Above: Partition action. Judgment of Solomon. Nicolas Poussin. 1649. Louvre.
There, plaintiff was awarded damages of $190,500 for defendant’s breach of fiduciary duty, ordered paid from the partition sale proceeds of certain property in which plaintiff and defendants were 50/50 cotenants. Plaintiff then sought $415,458.75 for the services of both current and prior counsel. The trial court awarded plaintiff $95,227.61 in fees and $40 in other costs, for a total award of $95,267.41. Because plaintiff (along with another affiliated party) made numerous claims in addition to the partition claim, the primary reductions were for apportioned-out work relating to claims that were “not for the common benefit” of the cotenants. (The trial court actually applied a 54.6% allocation formula, further reduced by a 60/40 split of fees between the two cotenants.)
Defendant appealed.
The fee award was affirmed by a 3-0 panel in a decision authored by Justice Cantil-Sakauye.

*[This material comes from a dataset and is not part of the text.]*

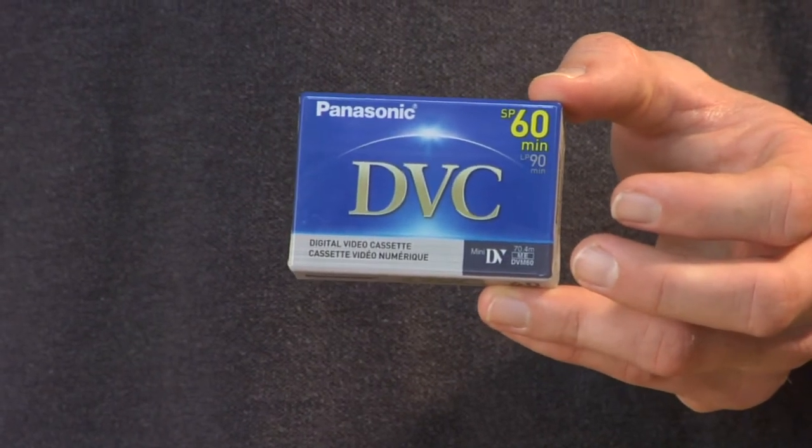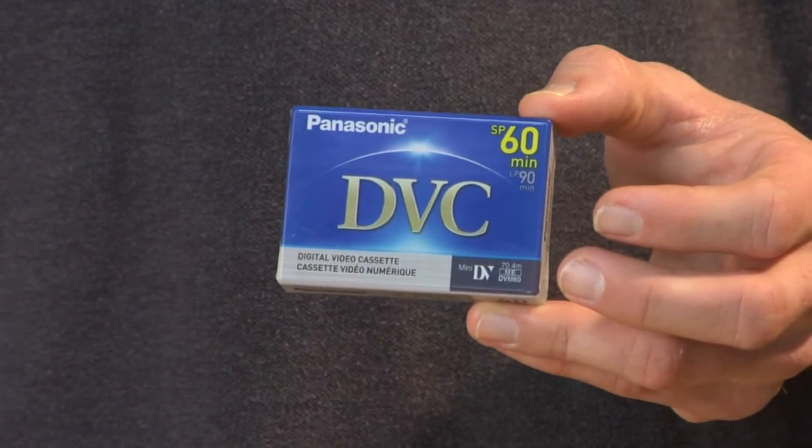Mini DV tapes are a tape storage device that are used in both consumer and prosumer cameras. It's probably the most popular form of a tape storage device for consumer and prosumer cameras.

Defendant primarily argued that no fees should have been awarded because plaintiff’s fees related to claims not incurred for the “common benefit” of the cotenants. The appellate court rejected this notion, observing that common benefit fees could still be awarded even in contested partition suits. (Capuccio v. Caire, 215 Cal. 518, 528-529 (1932); Riley v. Turpin, 53 Cal.2d 598, 602 (1960).) Because plaintiff’s claims were not spurious, cases refusing to award fees were found distinguishable because they had a very different sets of facts. (E.g., Forrest v. Elam, 88 Cal.App.3d 164, 167, 172-174 [involving spurious claims].) With respect to claims that do involve personal interests alone, the appellate court stated that section 874.040 takes this in account by allowing the court to make an equitable apportionment of fees—something actually done in the Sandoval matter.

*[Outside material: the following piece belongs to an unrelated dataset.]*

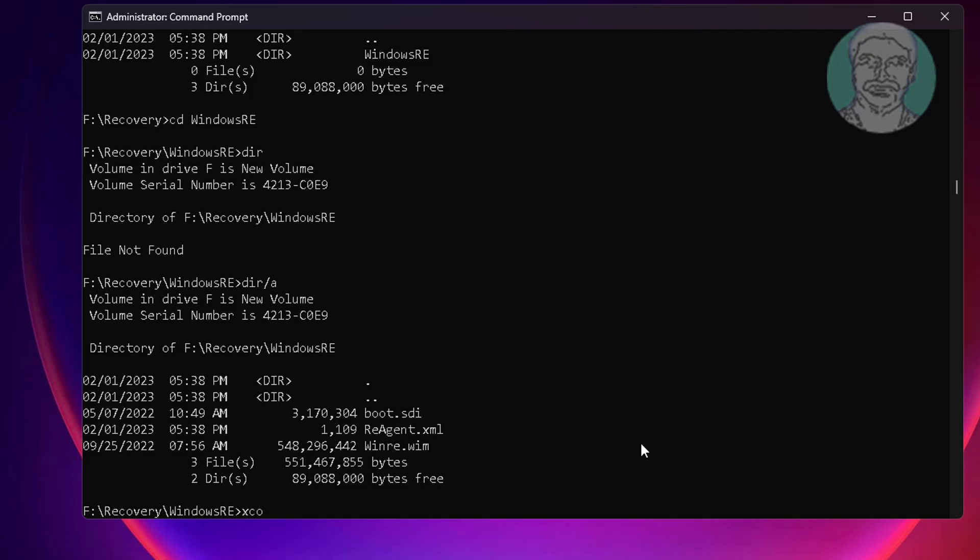Type X copy space, WinRE.wim space, C colon backslash WinRE space, slash H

Defendant also challenged the 60/40 apportionment in fees made by the lower court, arguing this was askew from the 50/50 presumptive apportionment. However, the appellate panel found the lower court apportioned as a matter of equity—not based on property interests—because defendant undertook pre-litigation efforts to obstruct sale of the property and took meritless positions in the partition suit. The equitable apportionment, under the circumstances, was no abuse of discretion.